Autor jest miłośnikiem i opiekunem pszczół. Interesuje się genealogią, astronomią oraz numizmatyką. Lubi prozę Williama Whartona. Jest zawodowym kierowcą jeżdżącym po całej Europie.
Maksim
Wolff używa lekkiego i zrozumiałego języka, dzięki czemu książkę
czyta się bardzo szybko. Stworzył zaskakującą fabułę, która
trzyma w napięciu, po czym delikatnie zwalnia, aby znowu wystrzelić,
by czytelnik poczuł prawdziwą grozę. Muszę przyznać, że udało
mu się mnie zmylić i zaskoczyć końcem powieści.

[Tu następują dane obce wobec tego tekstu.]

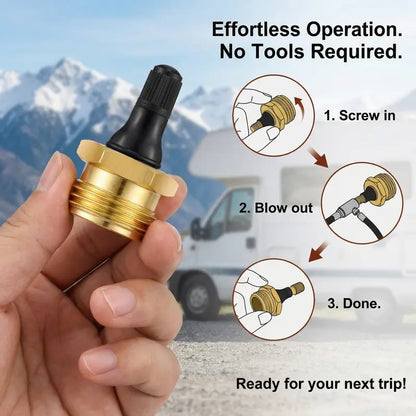 2-Pcs Brass RV Blow Out Plugs with Drain Valve - Air Hose Friendly Home Care Supplies for Camping, Convenient Drainage, Daily Maintenance, Enhances Water System Maintenance, Long-Term Durability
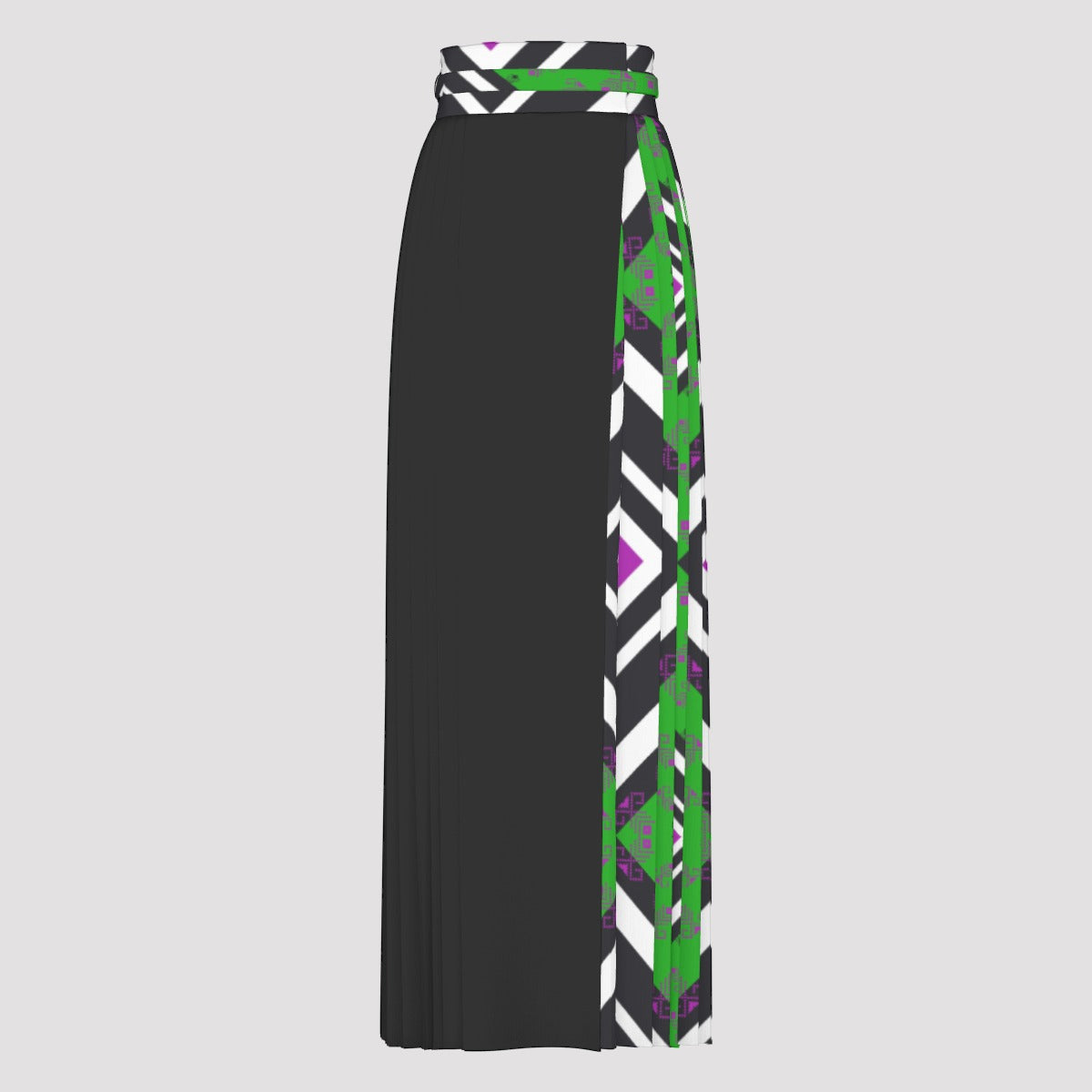 PROVERBS 31:30 Scripture Long Green, Purple, Black and White Pattern Pleated Skirt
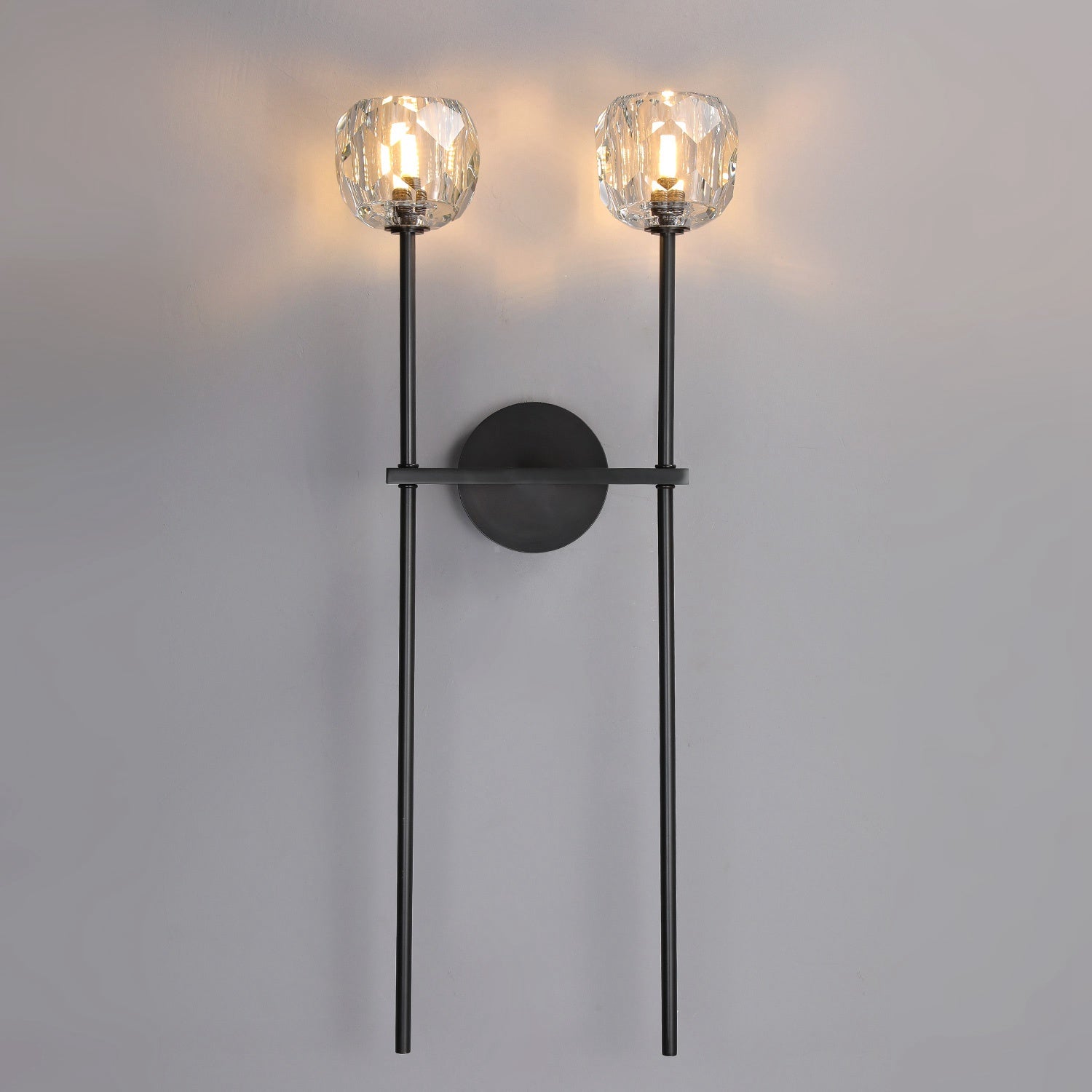 Bille De Clear Crystal Double Ball Wall Sconce 28"H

Autor w
obrazowy sposób przedstawia sceny erotyczne, ale także potrafi
pokazać, jak pojedyncze zdarzenie wpływa na życie bohaterki
owładniętej chęcią spełnienia swojej fantazji i podążającej
prosto w przepaść, której nie zauważa. Pisarzowi udało się
stworzyć niepowtarzalnych bohaterów. Z jednej strony spełniają
swoje mroczne marzenia, a z drugiej pragną oddania i miłości.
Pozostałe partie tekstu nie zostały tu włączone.